Pascoli’s use of direct address can be shockingly modern. From rivers to strangers, his singular listener keeps changing shape. Halfway through “The Meteor,” the narrator turns from the Rio Salto to address a mysterious ghost, “there—where you smile unending / above your sloped pallet now padded / with mosses and grass / like a nest.” Who is this new “you?” There’s no effort at explanation.
And right around here, verb tenses go haywire, from past to present to conditional to future, as the narrator’s dead family joins the ghost to “gather me up from the path / … and carry me off / to their land,” or “contrada.” “Contrada” is an old-timey word, associated more with the Palio of Siena than with the supernatural, but in this case intending a particularly Pascolian afterlife of hedges and fields, paradise not unlike the poet’s childhood in rural Romagna, pushed into the future tense.
“The Meteor” starts in the far past, with a blackout: “tutto annerò.” Annerò—that’s the past remote, a tense that doesn’t exist in English. It indicates a past so far past that the present can’t touch it. But Pascoli means to infiltrate, undermine it—which is part of what compels me about the poem. It’s what compels me about translation, too: this vibrant failure of equivalence that brings the past into the present and present into the past. What comes before? The ghosts who gather around the narrator, or the narrator who conjures them?

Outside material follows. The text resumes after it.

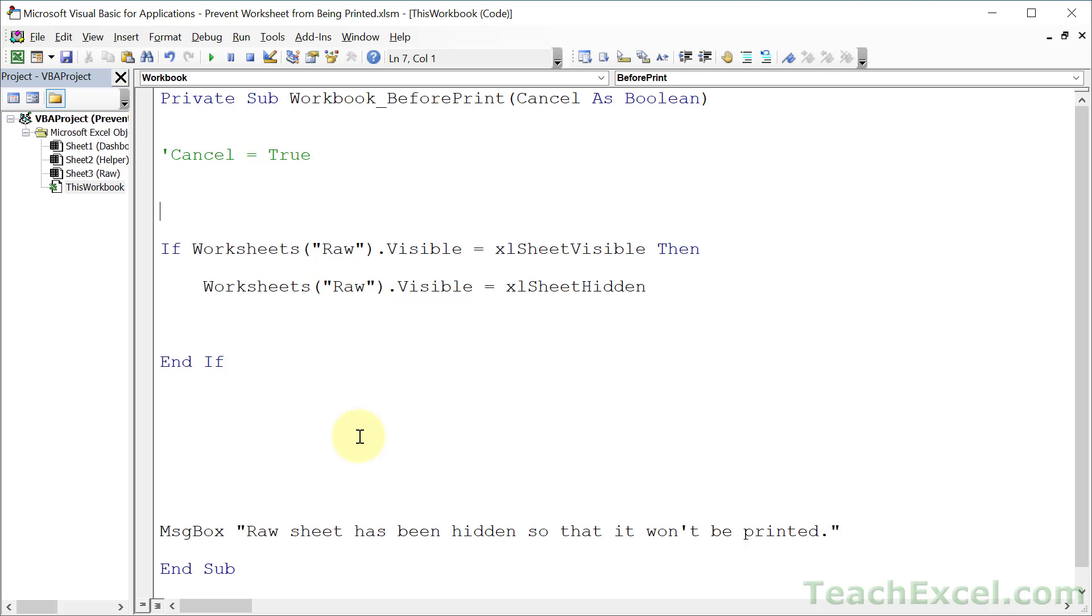I mean, they're just, I could go on forever. There's so many really cool things that you can do with this. And you can use the cancel equals true all over to cancel printing under certain conditions. But do make sure that you, if you really don't want your stuff to be printed, that you combine this with the forcing the user to enable macros code.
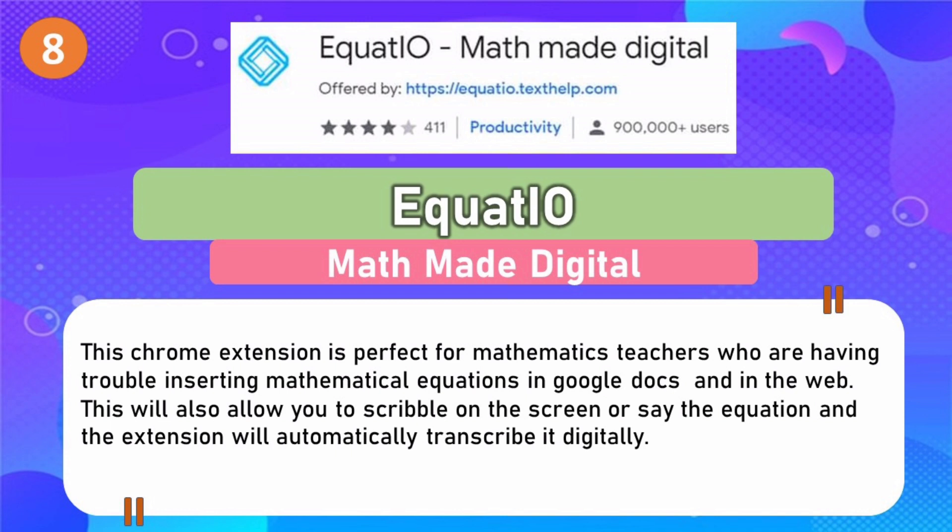Number 8: Equatio Math Made Digital. This Chrome extension is perfect for mathematics teachers who are having trouble inserting mathematical equations in Google Docs and on the web. It will also allow you to scribble on the screen or say the equation, and the extension will automatically transcribe it digitally.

One last thought—about a word in the poem’s final stanza. A Saturday morning in Bologna, where on a Fulbright I spent a semester teaching in the same long-benched lecture room where Pascoli had taught a century before. Each weekend, a cheerful jazz band played in the town’s central piazza, and I’d meet my friend Sarah for cappuccinos. Linden trees were blooming. Families called greetings between tables of the outdoor café, and a vaguely threatening mime was, for no reason we could guess, walking laps around the piazza. I had brought a draft of this translation with me, stuck on “sperso” in the penultimate line. The poem’s meteor has fallen, “a globe of gold that dove mutely toward fields / as if diving toward empty layers of mist,” and the narrator sees himself on earth, “piccolo e sperso.” Small and lost. I asked a man at the next table holding a dog shaped like a giant croissant how he might distinguish between “perso,” the familiar word for lost, and “sperso.” It’s larger than lost, he said: more inside you. He had named his dog Howard after Howard Hughes, but because there’s no “h” in the Italian alphabet, the dog was “Oward.” Or “Auard,” as he spelled it. Should I admit this is what I think of now, whenever I come across “sperso?” Auard. Often I worked at cafés that spring, asking strangers their associations with certain words, or to verify: is this as weird as it seems, a poem’s switch from past to conditional to present to future to past again?
Now such switches fill my own memory. And they seem reasonable— even fluid. What comes before? The myth of the original … when the un-orphaned boy first walks beside the river. When a meteor first falls toward layers of mist like the verb tenses in our various languages, shrouding the present’s mute globe of gold.